REQUIRED WORK - Starting with the line that contains "Hur man målar" and stopping after the line that contains "Others 3, Lungomare private rooms, Vlorës", copy the entries below exactly. Include nothing else.

(Records contained in a dataset)

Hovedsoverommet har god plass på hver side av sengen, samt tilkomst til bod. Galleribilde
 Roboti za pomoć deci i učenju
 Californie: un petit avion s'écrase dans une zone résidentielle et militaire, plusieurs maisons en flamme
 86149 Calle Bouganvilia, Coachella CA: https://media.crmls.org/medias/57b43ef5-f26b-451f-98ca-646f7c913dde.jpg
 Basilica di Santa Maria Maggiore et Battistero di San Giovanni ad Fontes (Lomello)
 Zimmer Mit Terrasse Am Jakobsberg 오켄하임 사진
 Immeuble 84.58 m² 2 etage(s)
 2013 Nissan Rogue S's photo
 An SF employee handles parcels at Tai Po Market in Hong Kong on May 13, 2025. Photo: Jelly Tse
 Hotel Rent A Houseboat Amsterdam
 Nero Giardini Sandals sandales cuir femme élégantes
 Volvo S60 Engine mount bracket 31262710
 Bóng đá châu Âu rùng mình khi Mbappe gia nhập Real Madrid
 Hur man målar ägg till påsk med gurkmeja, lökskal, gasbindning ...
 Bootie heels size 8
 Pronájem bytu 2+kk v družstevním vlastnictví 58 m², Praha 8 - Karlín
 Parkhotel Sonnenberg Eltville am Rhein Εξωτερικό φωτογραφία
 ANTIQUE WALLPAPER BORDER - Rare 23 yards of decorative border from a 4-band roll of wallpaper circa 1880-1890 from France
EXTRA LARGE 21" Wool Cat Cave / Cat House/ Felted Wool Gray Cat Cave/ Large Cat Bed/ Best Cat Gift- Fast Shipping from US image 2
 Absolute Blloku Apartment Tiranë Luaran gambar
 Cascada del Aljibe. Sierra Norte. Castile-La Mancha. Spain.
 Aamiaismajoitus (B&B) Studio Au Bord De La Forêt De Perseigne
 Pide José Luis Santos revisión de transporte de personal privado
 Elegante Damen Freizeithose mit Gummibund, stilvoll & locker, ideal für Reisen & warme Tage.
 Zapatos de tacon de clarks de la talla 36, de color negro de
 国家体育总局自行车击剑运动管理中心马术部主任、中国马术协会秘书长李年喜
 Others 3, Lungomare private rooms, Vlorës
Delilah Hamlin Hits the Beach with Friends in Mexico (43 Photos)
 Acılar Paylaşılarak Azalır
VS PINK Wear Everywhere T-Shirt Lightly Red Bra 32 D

SOLUTION TO THE PROBLEM -
 Hur man målar ägg till påsk med gurkmeja, lökskal, gasbindning ...
 Bootie heels size 8
 Pronájem bytu 2+kk v družstevním vlastnictví 58 m², Praha 8 - Karlín
 Parkhotel Sonnenberg Eltville am Rhein Εξωτερικό φωτογραφία
 ANTIQUE WALLPAPER BORDER - Rare 23 yards of decorative border from a 4-band roll of wallpaper circa 1880-1890 from France
EXTRA LARGE 21" Wool Cat Cave / Cat House/ Felted Wool Gray Cat Cave/ Large Cat Bed/ Best Cat Gift- Fast Shipping from US image 2
 Absolute Blloku Apartment Tiranë Luaran gambar
 Cascada del Aljibe. Sierra Norte. Castile-La Mancha. Spain.
 Aamiaismajoitus (B&B) Studio Au Bord De La Forêt De Perseigne
 Pide José Luis Santos revisión de transporte de personal privado
 Elegante Damen Freizeithose mit Gummibund, stilvoll & locker, ideal für Reisen & warme Tage.
 Zapatos de tacon de clarks de la talla 36, de color negro de
 国家体育总局自行车击剑运动管理中心马术部主任、中国马术协会秘书长李年喜
 Others 3, Lungomare private rooms, Vlorës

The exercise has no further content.